**Task to complete:**
Transcribe only the lines from the one containing "3027 Piney Pointe Drive, St Louis, MO 63129" through the final line of the entries below, exactly, and exclude the pictures.

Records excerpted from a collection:
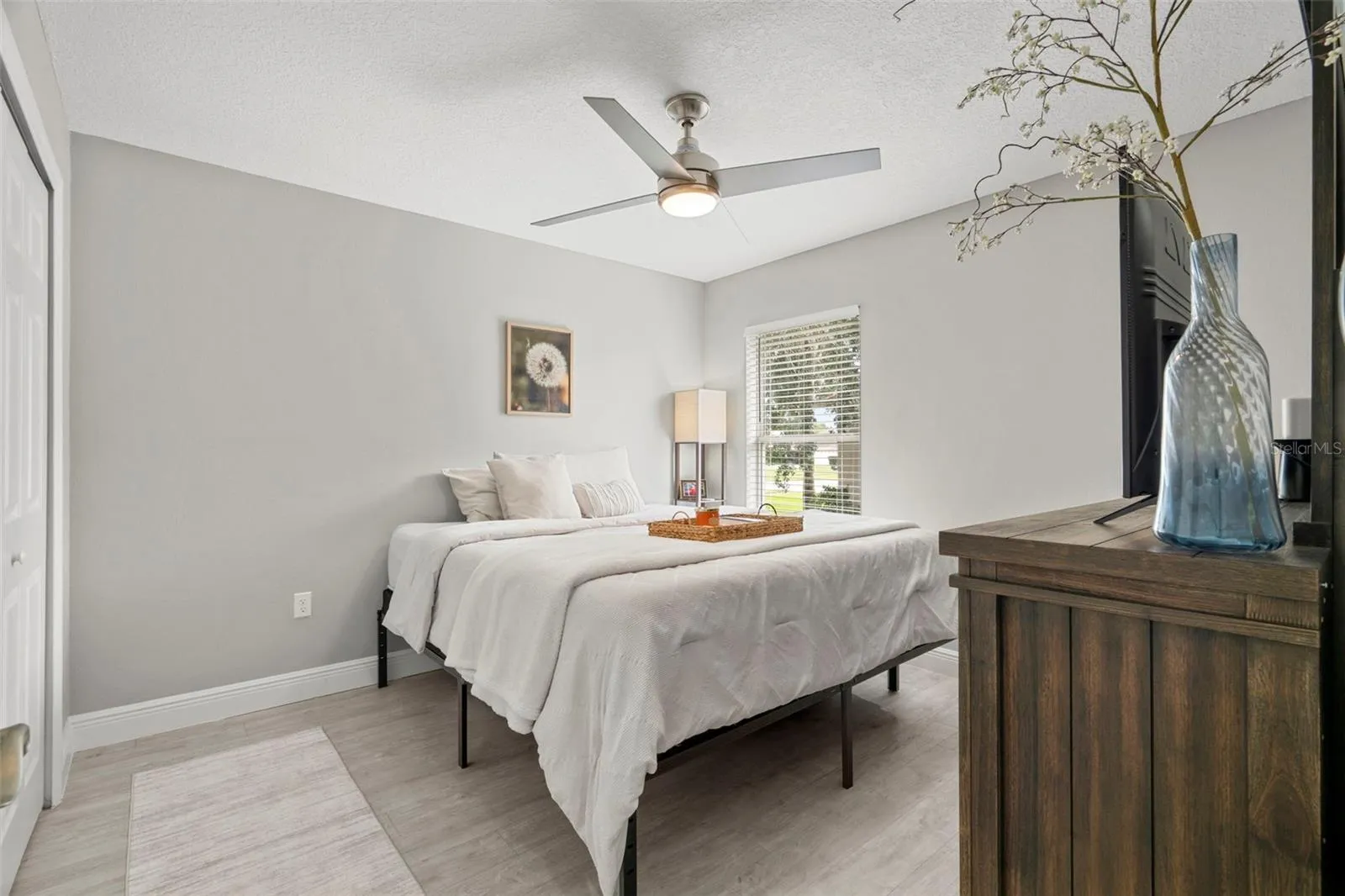 Guest bedroom 1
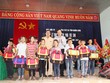  Ông Nguyễn Anh Tuấn, Tổng biên tập Báo Kl99ok phiên bản mới và ông Võ Văn Chính, Phó Trưởng phòng Cảnh sát KL99 là cổng game giải trí trực tuyến hàng đầu hiện nay tỉnh Quảng Bình trao cặp phao cứu sinh cho học sinh xã Quảng Minh.
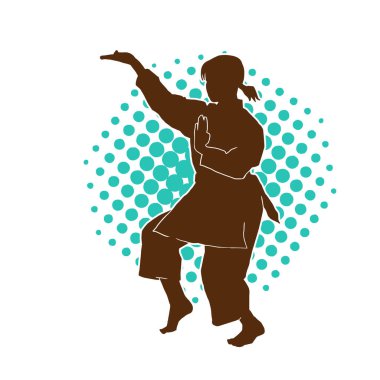 Dövüş sanatları yapan zayıf bir kadının silueti. Dövüş sanatlarında çalışan bir kadının silueti..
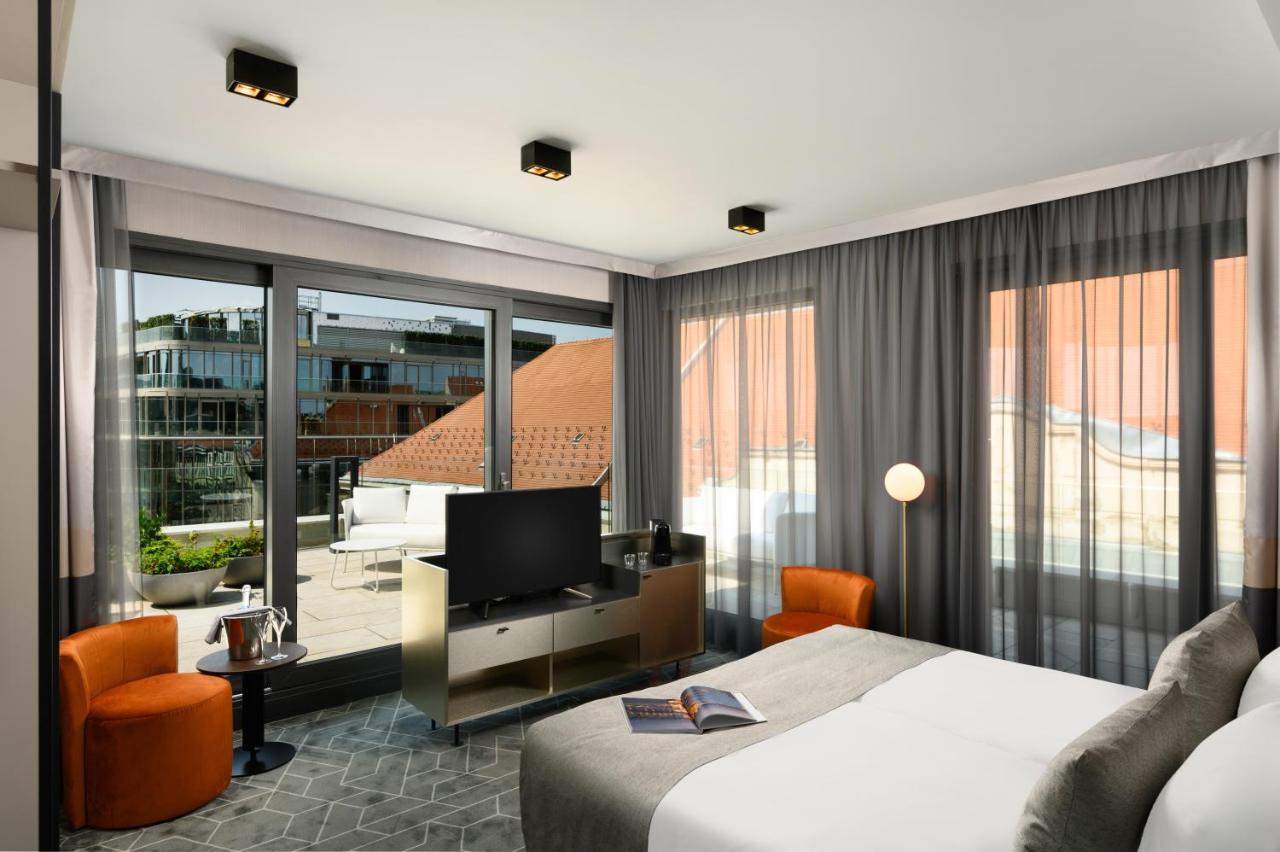 Emerald Hotel By Continental Group Budapest Esterno foto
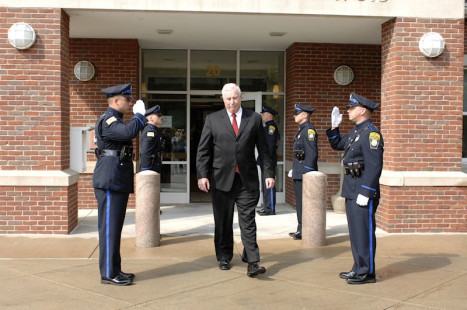 Retiring Chief of Police Robert Pomeroy leaves the station (2008) Photo #3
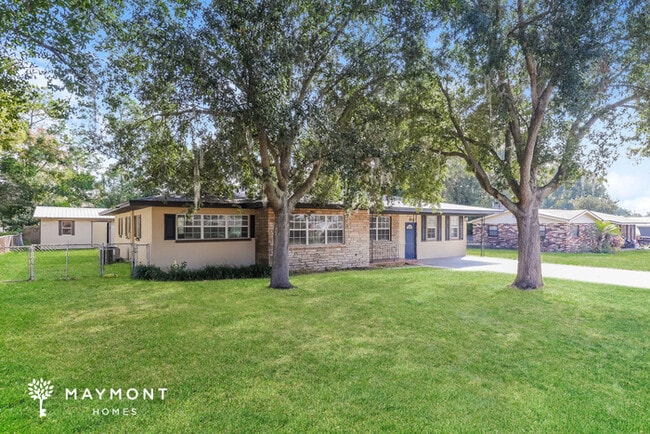 5821 Lake Grove Dr in Lakeland, FL - Building Photo - Building Photo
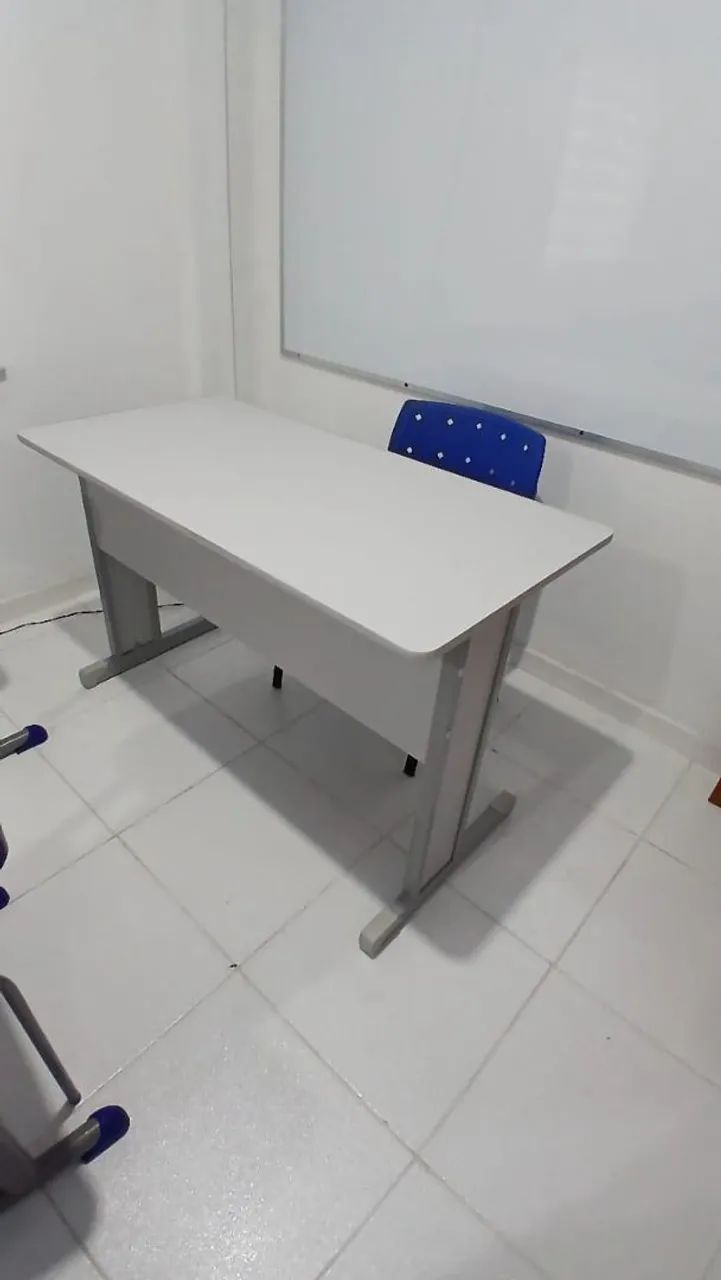 Mesa e cadeira promoção 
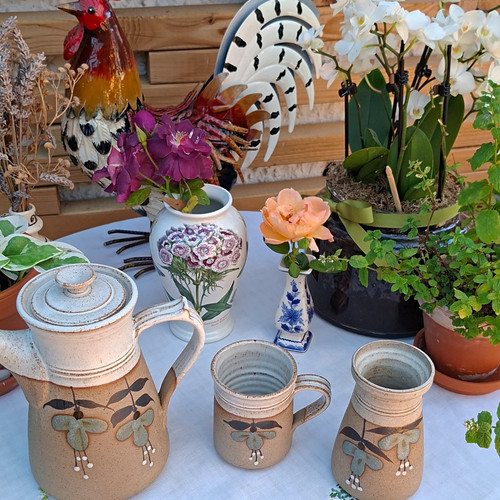 Poole pottery speckled - poole,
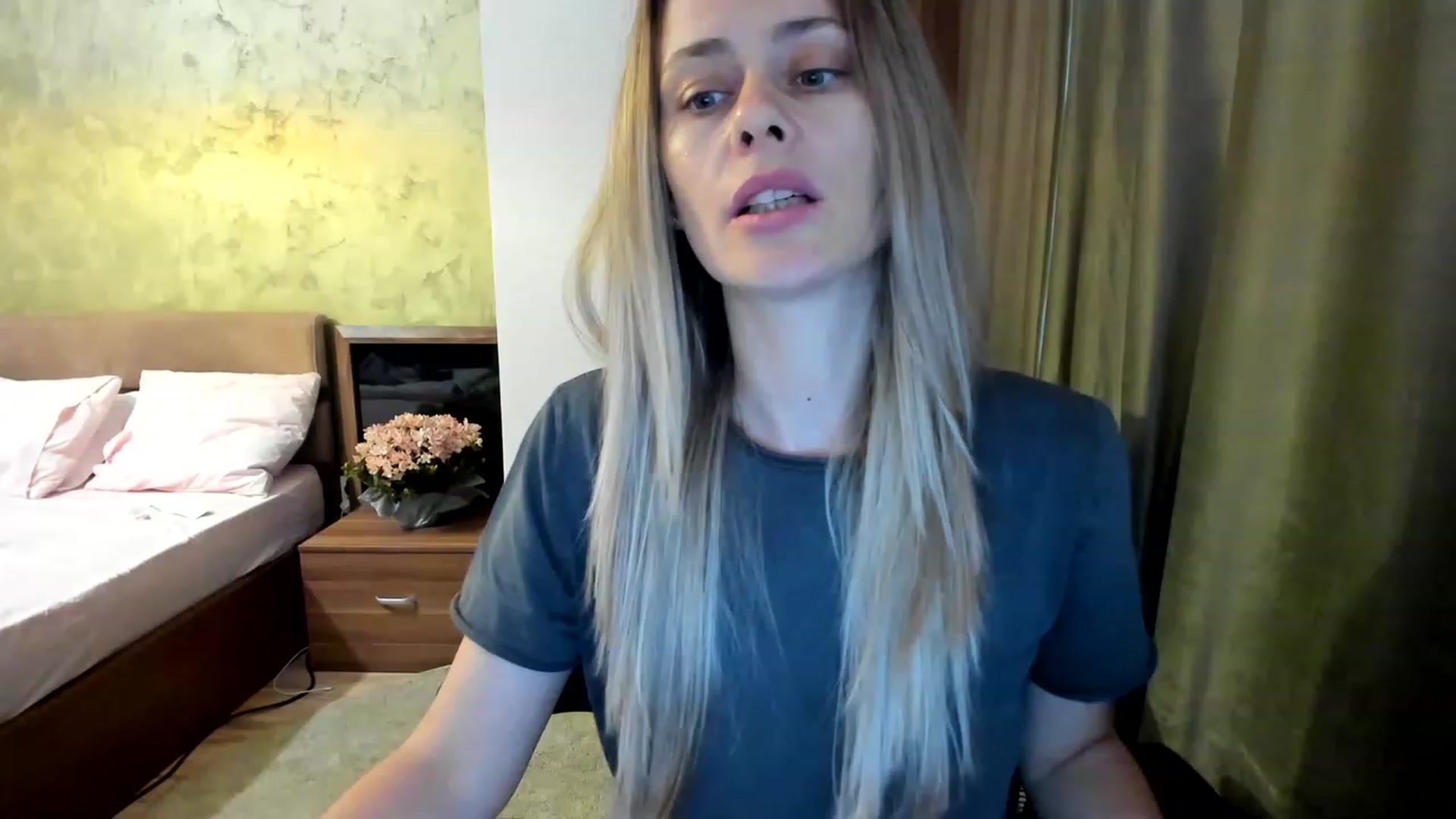 Gallery image thumbnail from DebraPaige's myfreecams stream on, 06/20/2023, 13:45 image 4 of 20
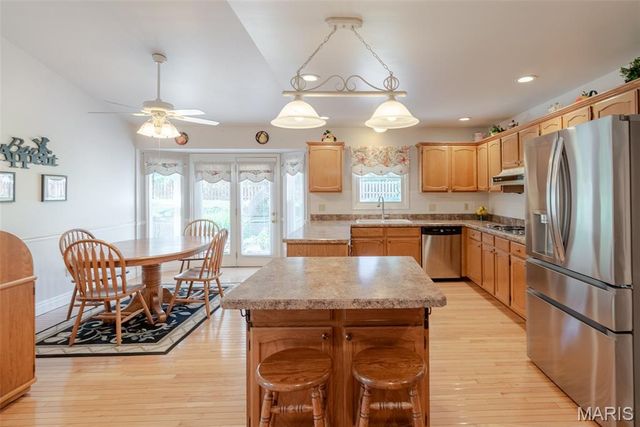 3027 Piney Pointe Drive, St Louis, MO 63129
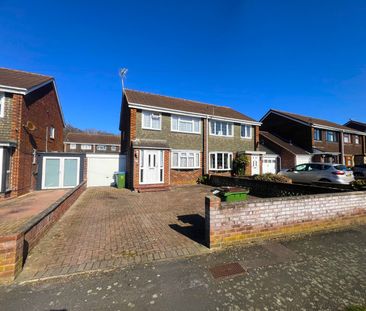 3 bedroom semi-detached house to rent - Photo 1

**Reply:**
 3027 Piney Pointe Drive, St Louis, MO 63129
 3 bedroom semi-detached house to rent - Photo 1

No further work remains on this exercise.